Das Erzbistum Berlin, die Bistümer Dresden-Meißen und Görlitz sowie das Katholische Militärbischofsamt kooperieren bei der Aufarbeitung von Fällen sexuellen Missbrauchs. Sie rufen Betroffene aus ihren Zuständigkeitsbereichen zur Mitwirkung an einem gemeinsamen Betroffenenbeirat auf, wie die Bistümer am Donnerstag mitteilten. Die Ausschreibung findet sich auf den Internetseiten der Diözesen und der Katholischen Militärseelsorge, deren Zentrale in Berlin angesiedelt ist. Bei einer weiteren Kommission des Erzbistums Berlin gab es wegen einer möglichen Befangenheit einen Rücktritt.
Über die Auswahl der Mitglieder des Betroffenenbeirats entscheidet ein Gremium, dem vier Personen im kirchlichen Dienst, vier unabhängige Expertinnen und Experten und eine Betroffene angehören.

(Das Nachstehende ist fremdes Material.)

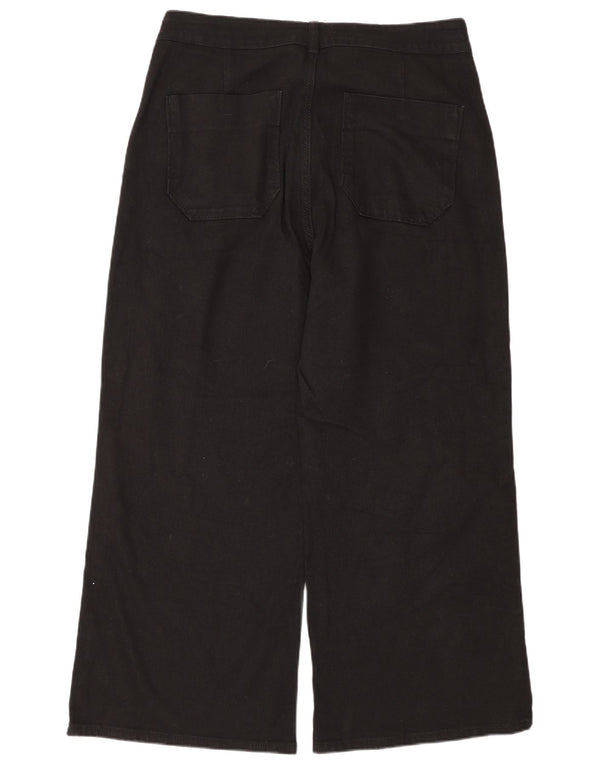 Calça jeans feminina Zara com cintura alta e perna larga EU 44 XL W34 L26 preta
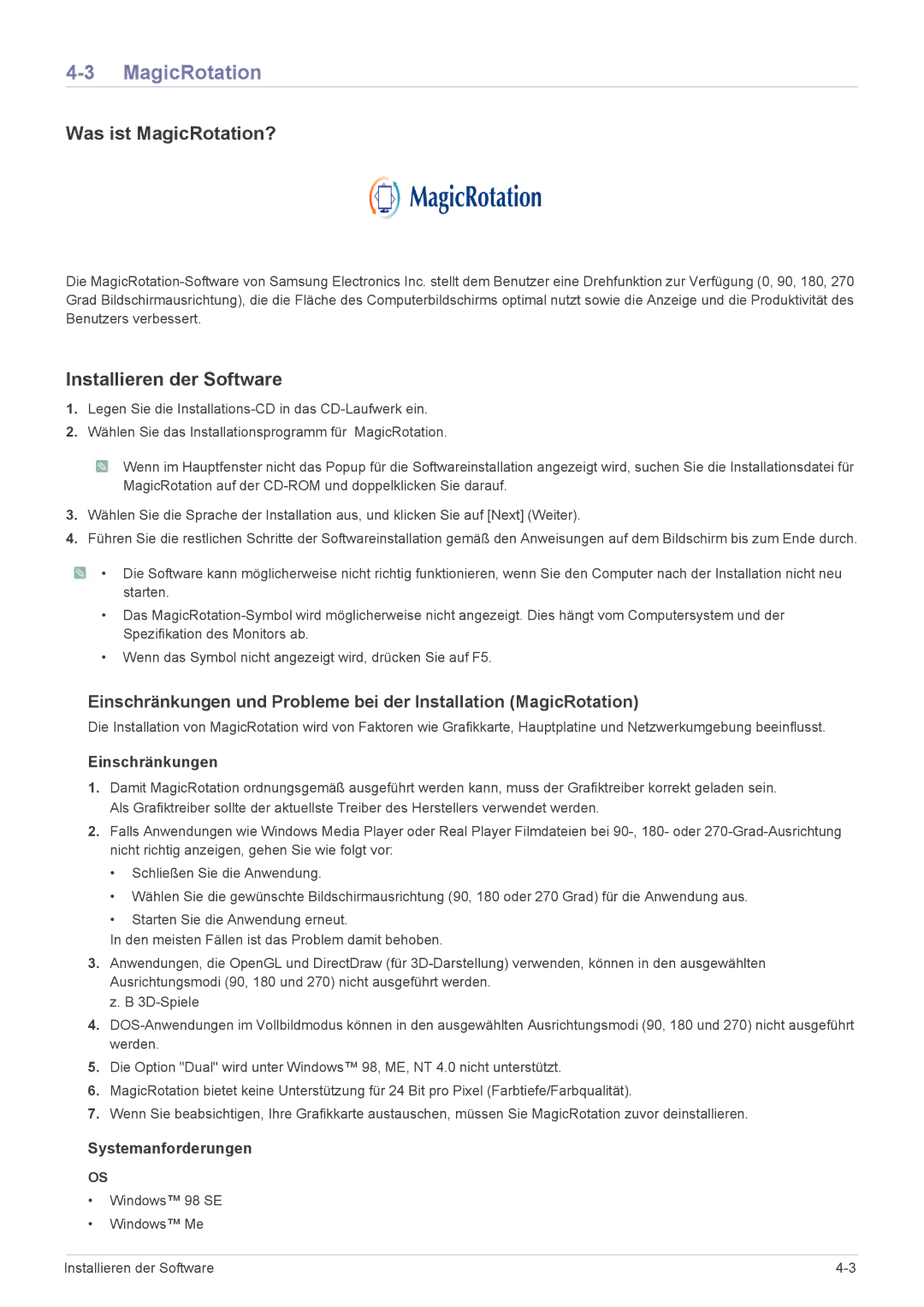Samsung LS24MYPEBV/EN manual Was ist MagicRotation?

Missbrauchsopfer sollen so am Aufarbeitungsprozess "maßgeblich beteiligt" werden, erklärten die Bistümer. Aufgrund ihrer Erfahrungen könnten sie auch die Arbeiten im Bereich Prävention und Intervention wirksam begleiten.
Aufarbeitungskomission mit Regierungsexperten geplant
Geplant ist auch eine Kommission zur Aufarbeitung des sexuellen Missbrauchs. Ihr sollen - neben entsandten Mitgliedern des Betroffenenbeirats - Experten aus Wissenschaft, Fachpraxis, Justiz und öffentlicher Verwaltung sowie Vertretern der beteiligten Institutionen angehören. Die für den jeweiligen Bereich der (Erz-)Bistümer zuständigen Landesregierungen werden demnach gebeten, Experten zu entsenden, um die Unabhängigkeit der Kommission zu gewährleisten. Ziel sei es, einen "stringenten Prozess der Aufarbeitung" zu ermöglichen und durchzuführen.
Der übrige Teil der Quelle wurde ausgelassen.